Why the Czech media does not have great journalistic personas?

24. 2. 2010 / Ivo Šebestík

Our middle and older generations have an understanding of journalism and journalistic practices lightly coloured by the traditional image of a good and decent craft found somewhere in the anteroom of literary creations. Stately men over a typewriter under incandescent lamps and with pipes on their mouths quickly and only by pen writing their essays. Messengers running around them with fresh proof copies of their newspaper pages and the latest handwritting with which in a short while they will fly to the typesetter, from whom sweat flows out by the Linotype. And keeping ward the whole thing is the eye of the Editor-in-Chief, honourable persona, whose word holds as if had been sculpted into stone.

A Czech version of this article is in CLICK in Britske listy HERE

That Old World has been long gone and the journalistic craft changed immensely. Time passed around not only engaged journalism from Swift, Havlíček-Borovský, Gogol, Heine or Marx, but even analytic, intelectual, refined but still also engaged journalism from Peroutka, Sartre, Camus and other personalities, who as powerful bolts connected journalism with literary creation and phylosophy.

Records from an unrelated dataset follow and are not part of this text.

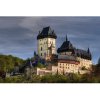 DIMEX | Vliesové fototapety na stenu Karlštejn MS-5-0032 | 375 x 250 cm | béžová, zelená, modrá + Vliesová fototapeta na stenu DIMEX Karlštejn MS50032 v rozmere 375 x 250 cm DIMEX | Vliesové fototapety na stenu Karlštejn MS-5-0032 | 375 x 250 cm | béžová, zelená, modrá + Vliesová fototapeta na stenu DIMEX Karlštejn MS50032 v rozmere 375 x 250 cm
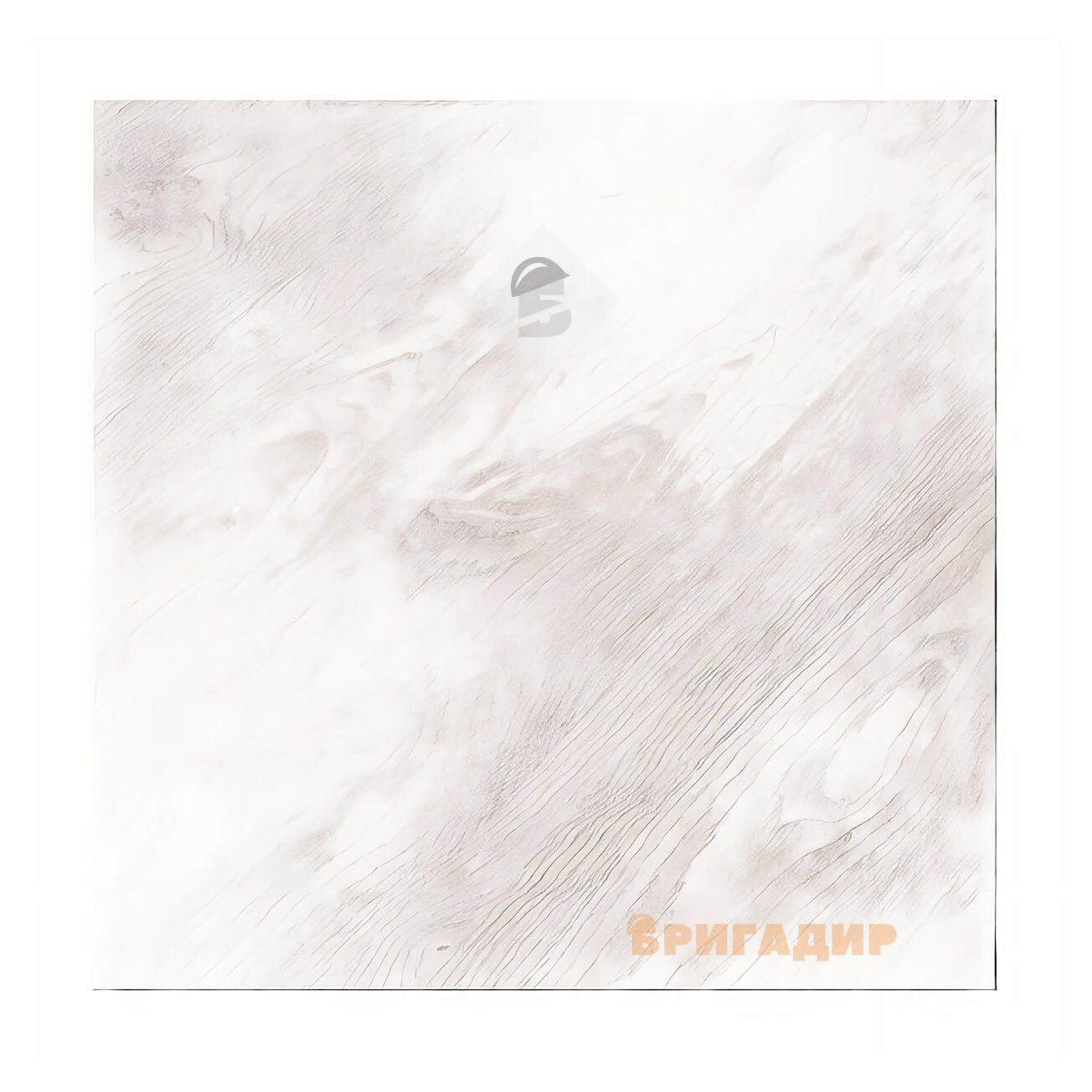 Ламінат Zodiak/Kronopol Дуб Овен, 33кл, 10мм, 1,864м.кв.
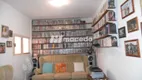Foto 19 de Casa com 3 Quartos à venda, 611m² em Alto de Pinheiros, São Paulo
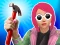 Spill Nail Challenge online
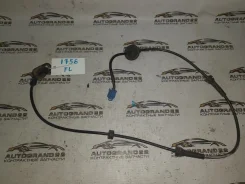 ������ abs Nissan Xtrail NT30 47911EQ010, ����� �������� 47911EQ010 ����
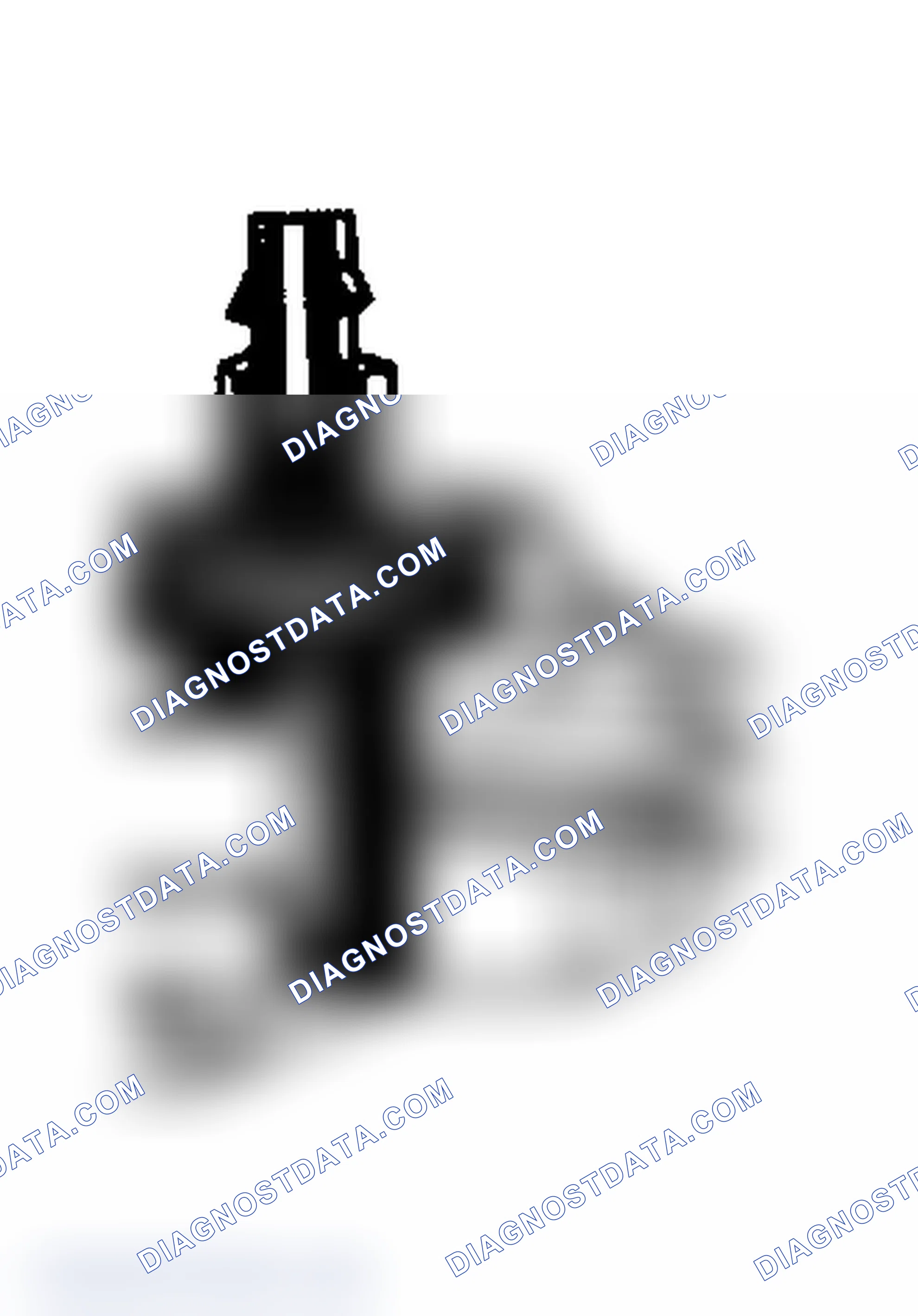 Scheme 33: Temperature Compensated Accelerator Pump
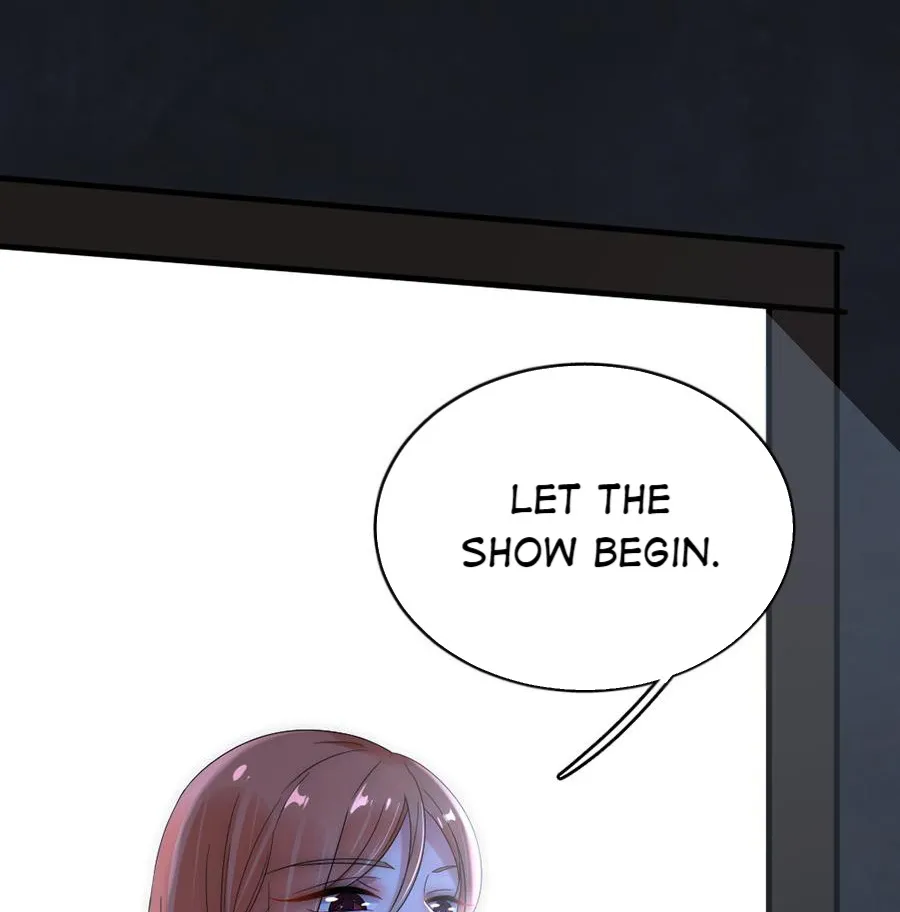 Chapter 87 — page 58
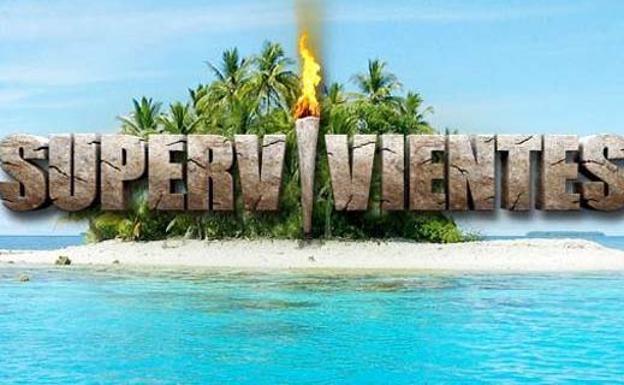 ‘Supervivientes 2018’ regresa el día 15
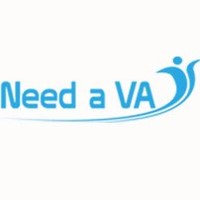 Need A Virtual Assistant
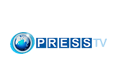 Press Tv Kanalı, D-Smart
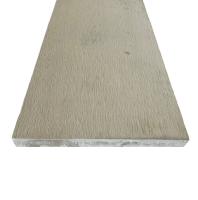 TruExterior Trim 5/4" X 10" - 16' Reversible Smooth / Woodgrain Finish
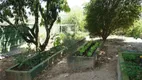 Foto 31 de Fazenda/Sítio com 6 Quartos à venda, 1000m² em Estância da Colina, Salto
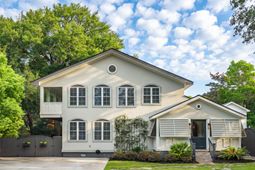 2164 Medway Road photo 4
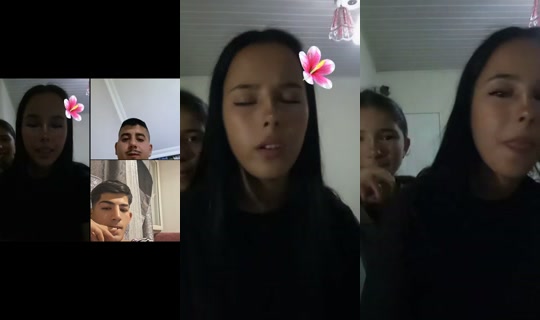 ilknur.573 TikTok Live — Sep 19, 2026, 11:47 PM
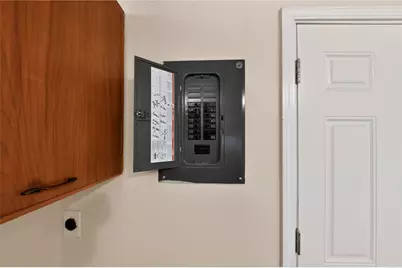 110 Elmwood Drive, Springboro, OH 45066 - Photo 60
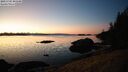 ./images/quadra/tower/20250701/tower20250701_045509M.jpg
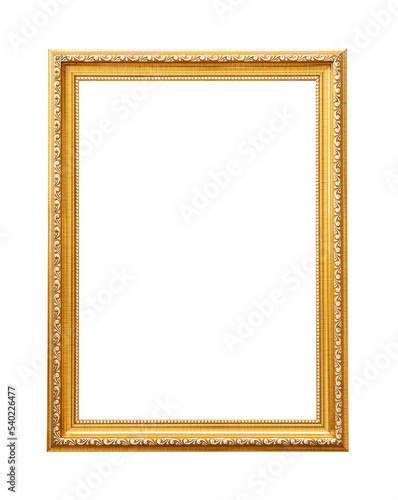 antique gold frame,background,กรอบรูป
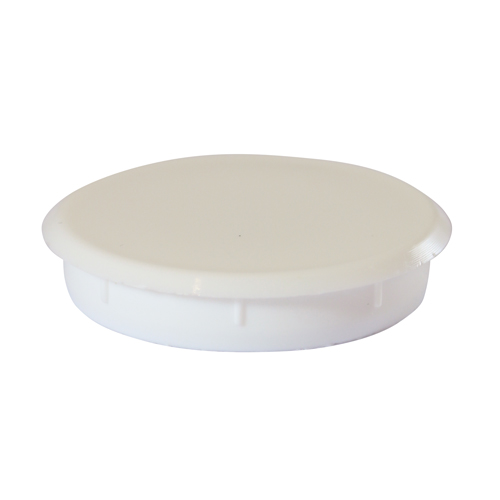 Hinge Hole Cover Caps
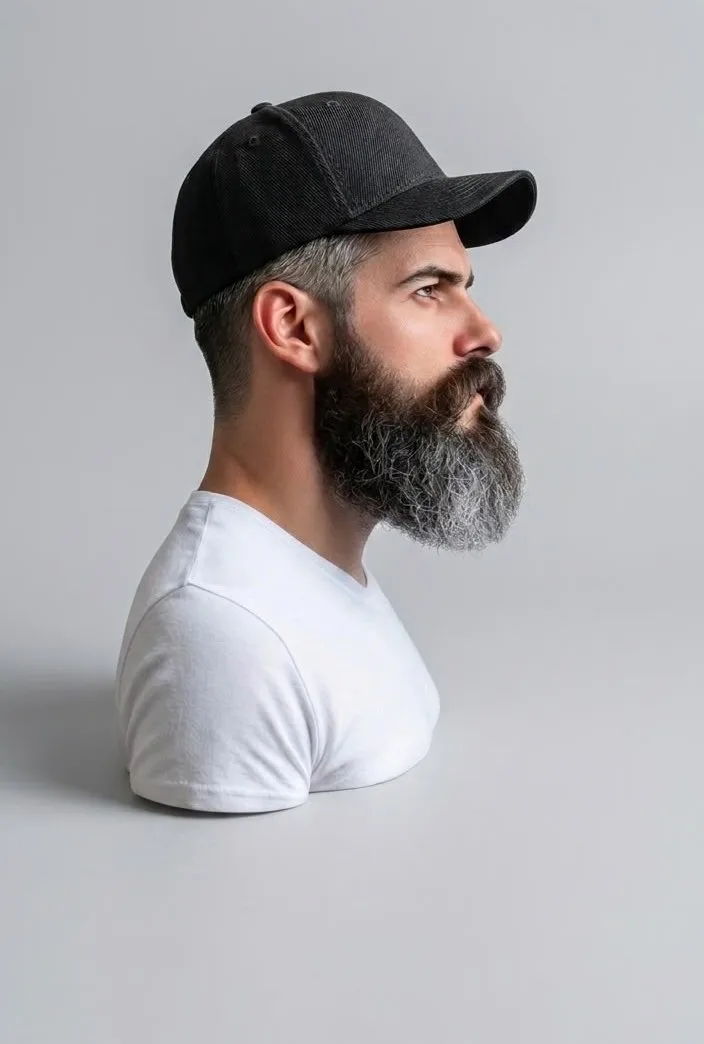 Kanaan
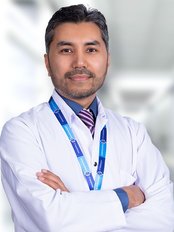 Dr.Emir Doğan - Oculoplastic Surgery - Dr.Emir Doğan - Oculoplastic Surgery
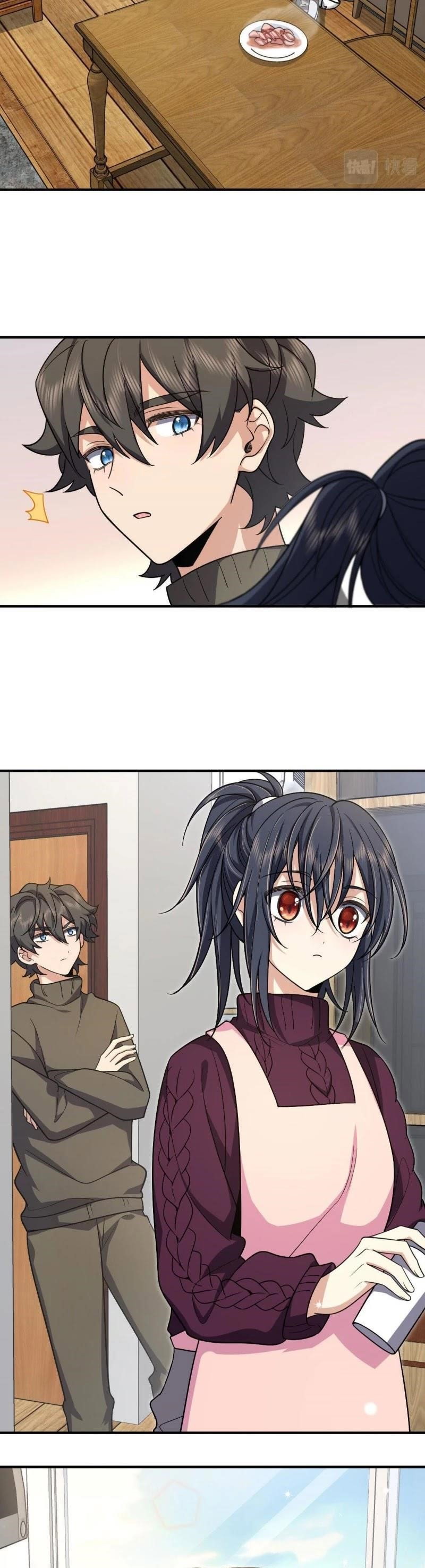 my-wife-is-from-a-thousand-years-ago-chap-49-18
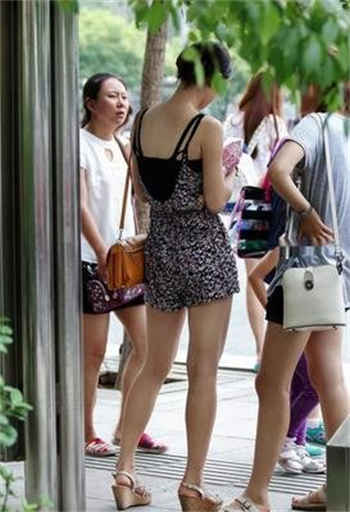 换母当元宵演员表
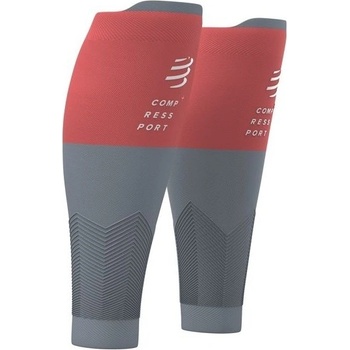 Návleky na lýtka COMPRESSPORT R2V2 T1 2020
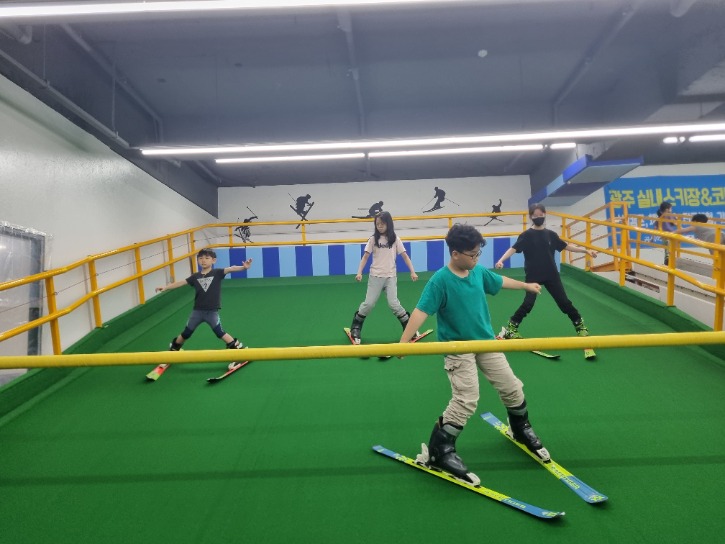 KakaoTalk_20230708_123928278_10.jpg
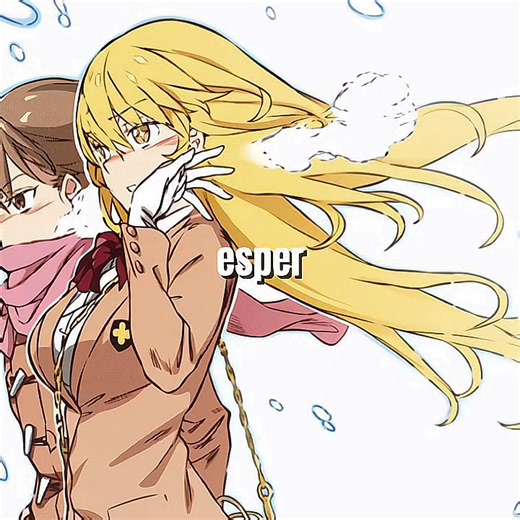 Lazy Edit of Toaru Series Highlights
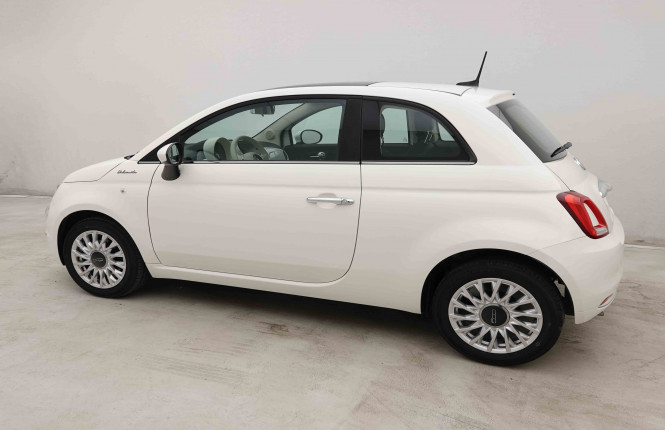 FIAT_FIAT_500_2653550_24.jpg FIAT_FIAT_500_2653550_24.jpg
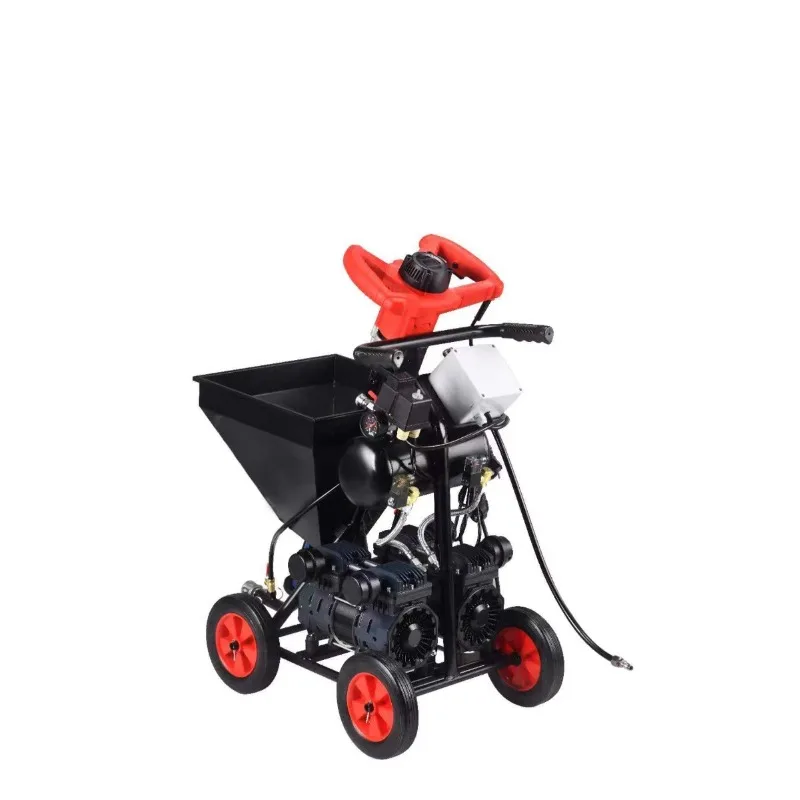 Строительные инструменты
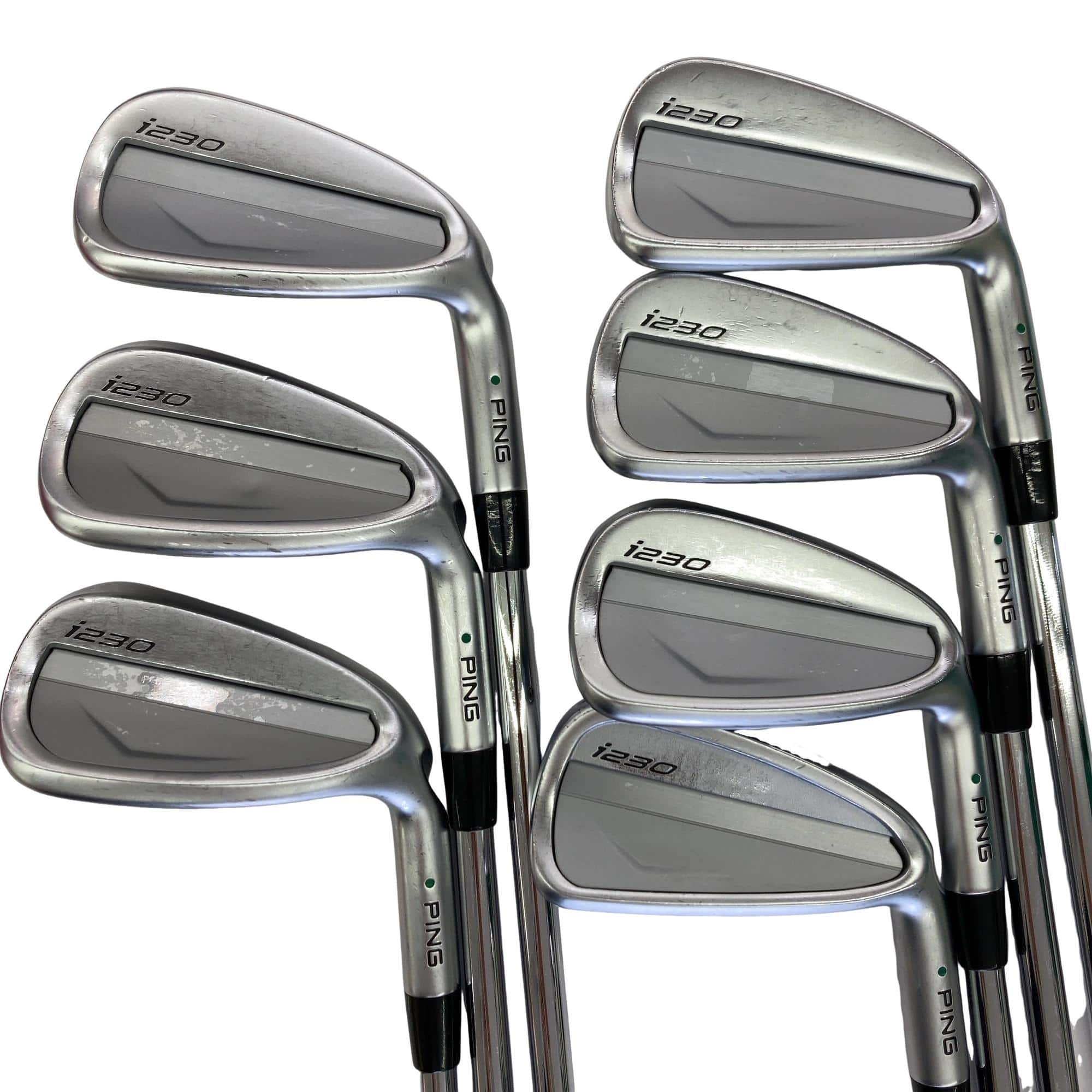 ���Q�R�O�@�V�r�i���{���F�V�{�Z�b�g�j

Our present doesn't require from intelectuals any engagement. That word is taken as discredited. In the East as well as in the West. Nobody wants to have anything to do with whatever battle for some higher ideals, because it is generally judged that ideals are ridiculous. That they have no market value, are not exchangeable, are not convertible into bombs, are then basically for nothing. Current writers refuse engagement as they would typhus or leprosy. They are supposedly in it for the work in itself, not to do politics. They are responsible only for that what and how they write, not for whether their writing advance the development of something better and defend morality.